PROMPT: Copy the data below exactly, but not the pictures it contains.

DATA BELOW:
=======

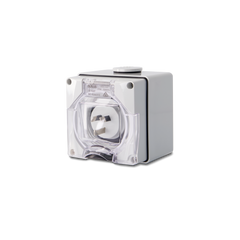 3PIN 10AMP - Appliance Inlet and Socket Outlet - KIT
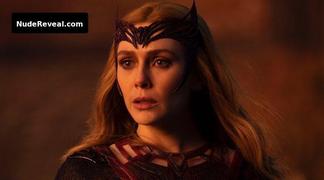 ELIZABETH OLSEN nude in Doctor Strange In The Multiverse Of Madness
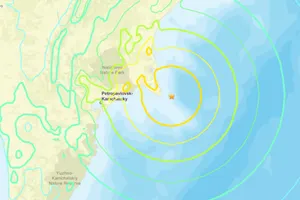 NÓNG: Động đất mạnh gần bờ biển Nga, chính quyền cảnh báo sóng thần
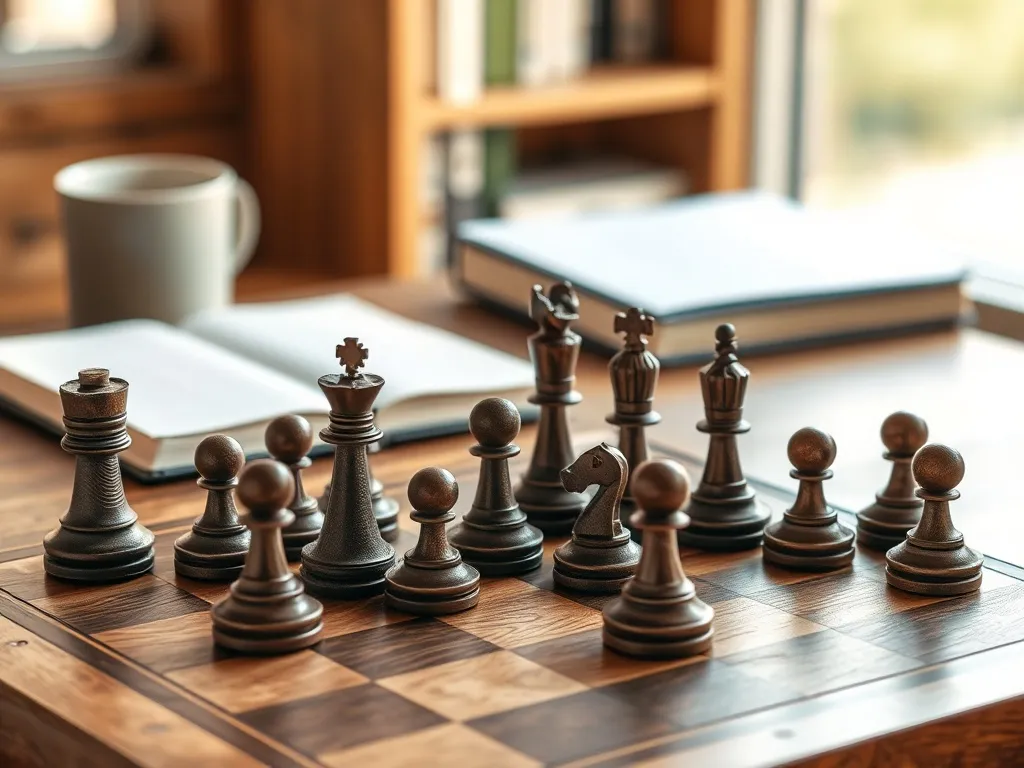 Jak nauczyć się grać w szachy?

=======

TASK SOLUTION:
 3PIN 10AMP - Appliance Inlet and Socket Outlet - KIT
 ELIZABETH OLSEN nude in Doctor Strange In The Multiverse Of Madness
 NÓNG: Động đất mạnh gần bờ biển Nga, chính quyền cảnh báo sóng thần
 Jak nauczyć się grać w szachy?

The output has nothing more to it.